Last year a similar experiment in Durban, South Africa saw Winston the pigeon take two hours to finish a 96km journey. In the same time just 4% of a 4GB file had downloaded.
Now, lets do a simple calculation.
The internet speed is usually tied to the ISP(Internet Service Provider) and the network hardware. AWS SDK contains some softwares that can run uploading in multithreading mode where the upload speed could be increased to a different order of magnitude.
I tested downloading a 1.8G file from S3 to my local and it took about 5 minutes to accomplish. The average speed is about 7Mps. If we assume the download speed is 10 Mps. And you have 10 TB file that you need to move from your datacenter to S3. Theoretically, it will take (10 T * 1000G/T * 1000 M/G) / (10 M/sec * 60 sec/min * 60 min/h * 24 h/d ), in another way, it will take 12 days nonstopable to send 10TB data to S3 using the AWS command line console. In that way, copy your data to some sort of portable drives directly. And then just go to UPS and send a package to AWS. It will take about USD200- based on a rough estimation from the AWS cost calculator.
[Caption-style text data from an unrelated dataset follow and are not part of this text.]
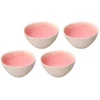 Lassig ROSE&amp;TULIPANI CONCERTO FUSE ROSA Rinkinys iš 4 vidutinių dubenėlių 15 cm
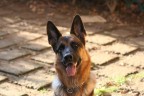 Il mio cane.. Il mio cane..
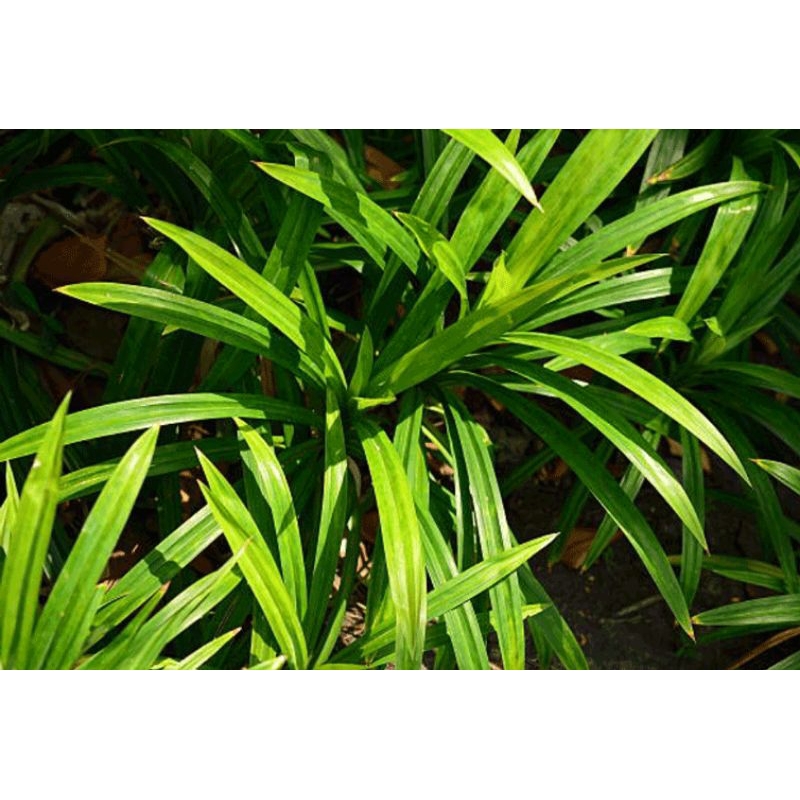 

Daun Pandan 1 kantong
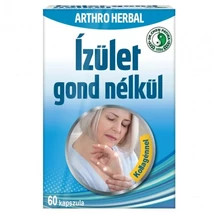Dr. Chen Ízület gond nélkül kapszula 60db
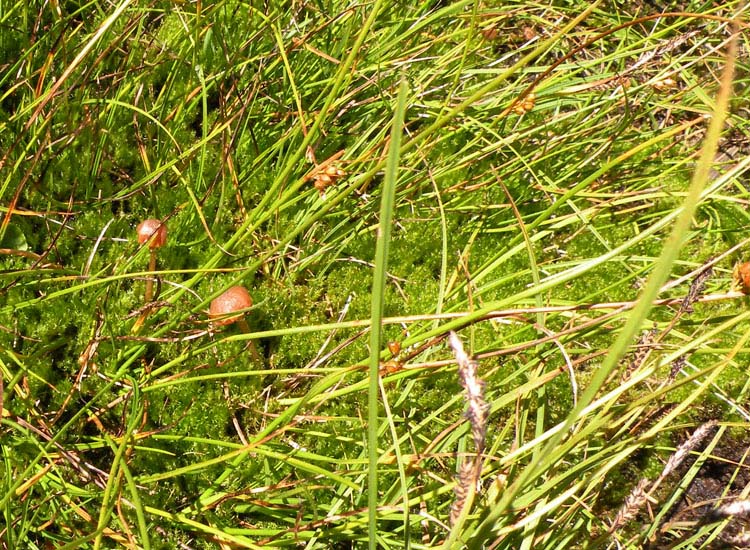 Muschio in prato umido 2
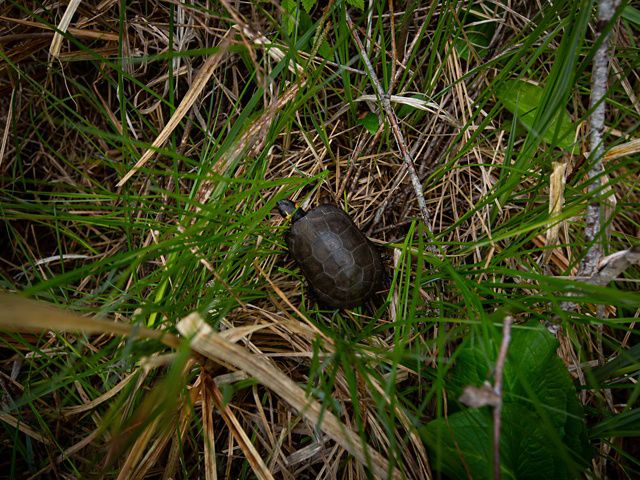 A small dark brown turtle is nestled amongst grasses and other bushes. 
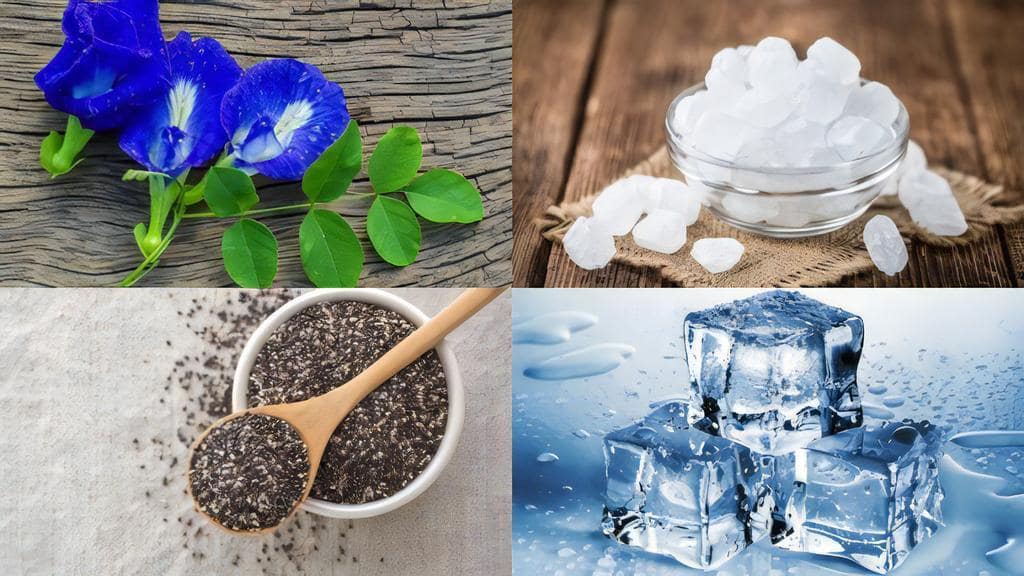how-to-make-butterfly-pea-flower-tea-with-chia-seeds-2-Ingredients-min how-to-make-butterfly-pea-flower-tea-with-chia-seeds-2-Ingredients-min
12 days (Tradition Uploading) = USD200 + 2 days (AWS Import/Export)
Not bad, Not bad 🙂
I know that your data size and your internet speed might be different due to all kinds of reasons. Here is a quick rule of thumb to estimate if AWS Import/Export is even a choice you should consider.
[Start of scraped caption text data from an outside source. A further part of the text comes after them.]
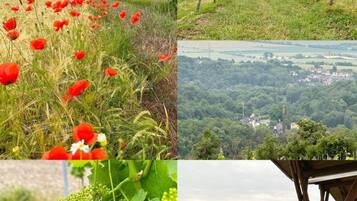 A vineyard with rows of grapevines, a field of red poppies, and a view of a town surrounded by hills.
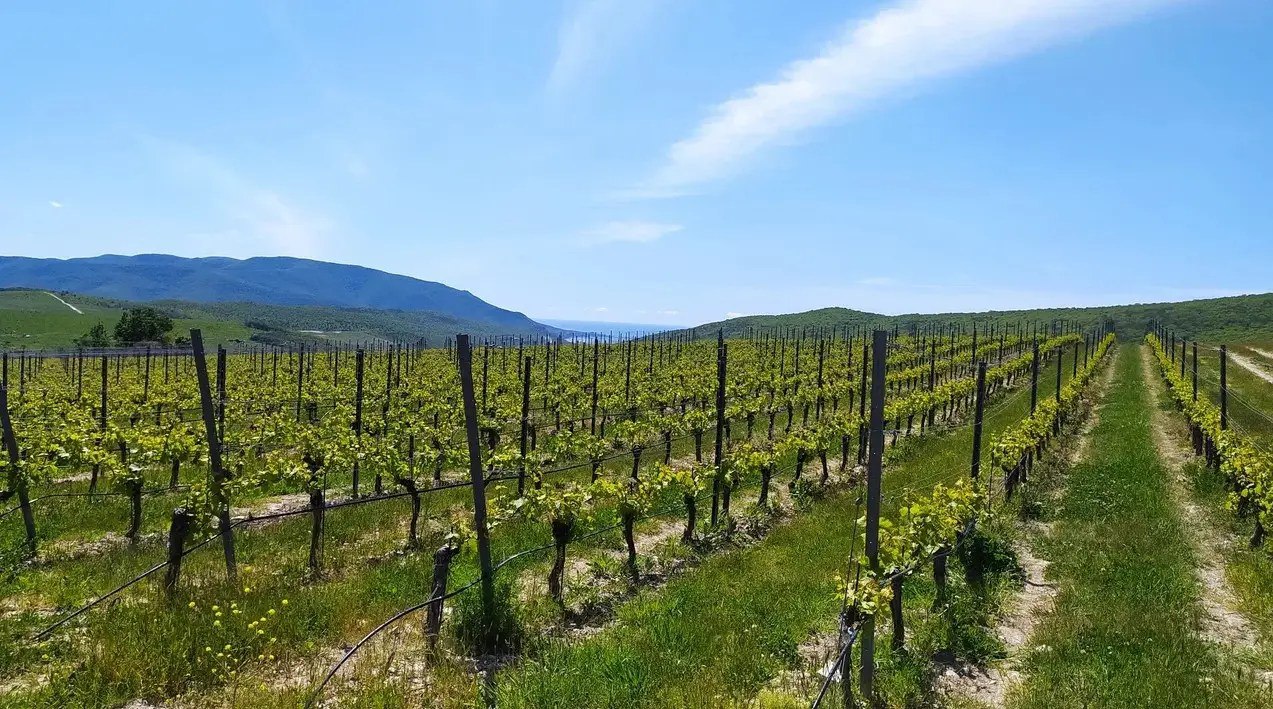 29 октября Правительство РФ направило в Госдуму положительный отзыв на депутатский законопроект о возможности строительства в РФ объектов виноградарства виноделия и сельского туризма на землях сельскохозяйственного назначения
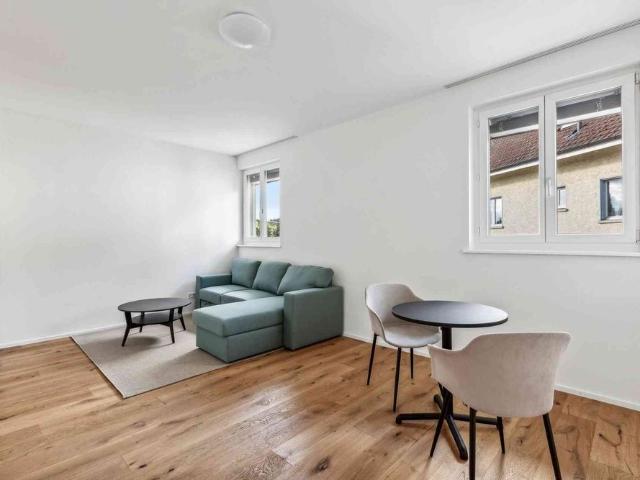 Apartment mieten in Aargau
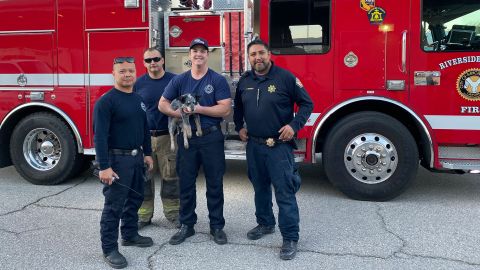Lana, the 3-month-old Australian cattle dog with her rescuers from the Riverside Fire Department.
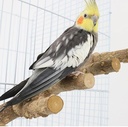 Bird Wood Ladder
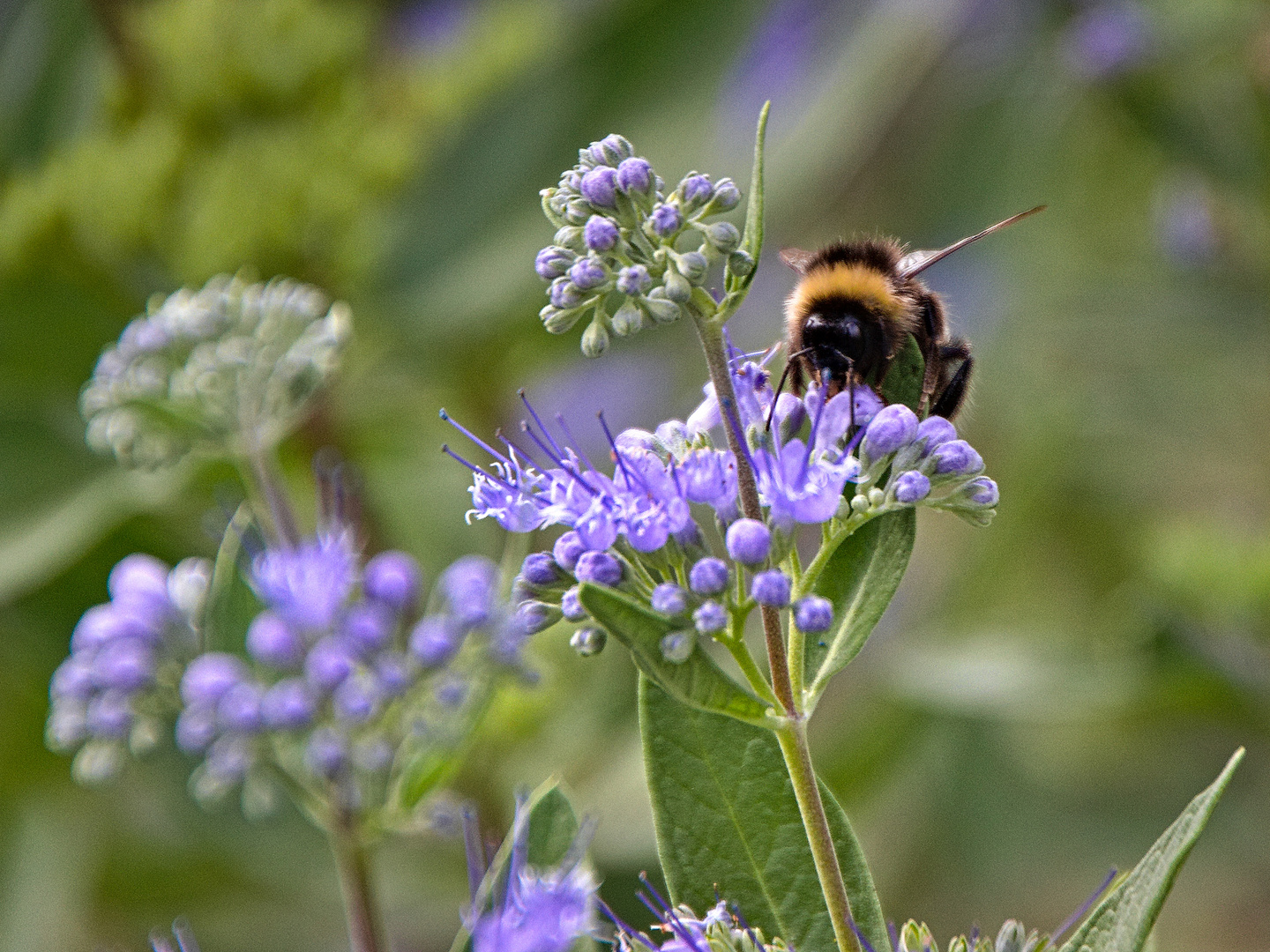 Hummel zu Besuch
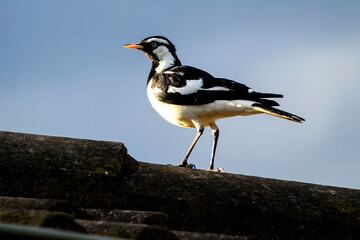 Australian Magpie-Lark (Grallina cyanoleuca)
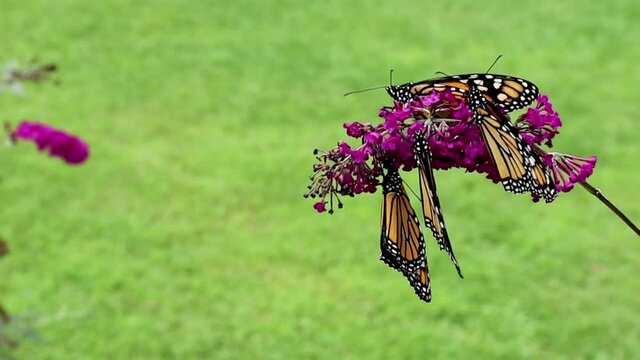 Monarch butterflies on purple butterfly bush flapping wings about to fly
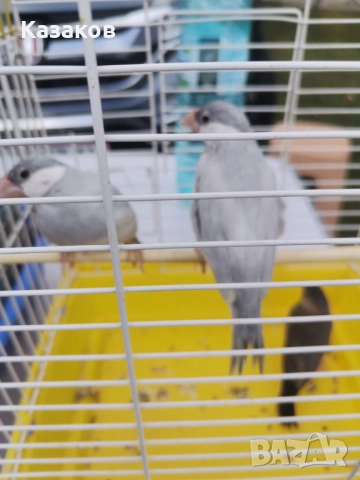 Продавам  оризарки, снимка 1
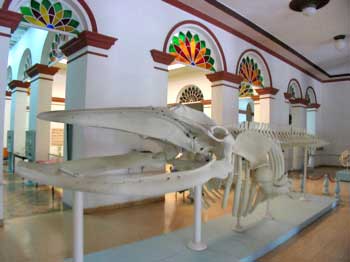 Whale at the Museo de Historia Natural © sogestour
The turn around to use AWS is 2 days (1 day to burn USB&ship and another day for AWS to load data).
Say your download/upload speed is S Mps, and the total size of dataset is D T.
D * 1000,000 / S = 2 * (24 * 60 * 60 )
To quickly estimate the total download time in days. An estimation is:
D / S * (1000,000/(24* 60 * 60)) = 11.6D/S ~ 10D/S.
In that way, say my internet speed is 7Mps, and the data I am going to load is 2 TB.
In that way I can quickly estimate that 10D/S=10 * 2 / 7 = 3 d, which I might need to think about using AWS import/export. But if my boss told me “dude, you need to load this 10TB data quickly to the S3”. Then I scratch on the back of the napkin that it will take 10 * 10 / 7 ~ 14 days… then I will just ask for 2 hundred bills and walk straight to UPS.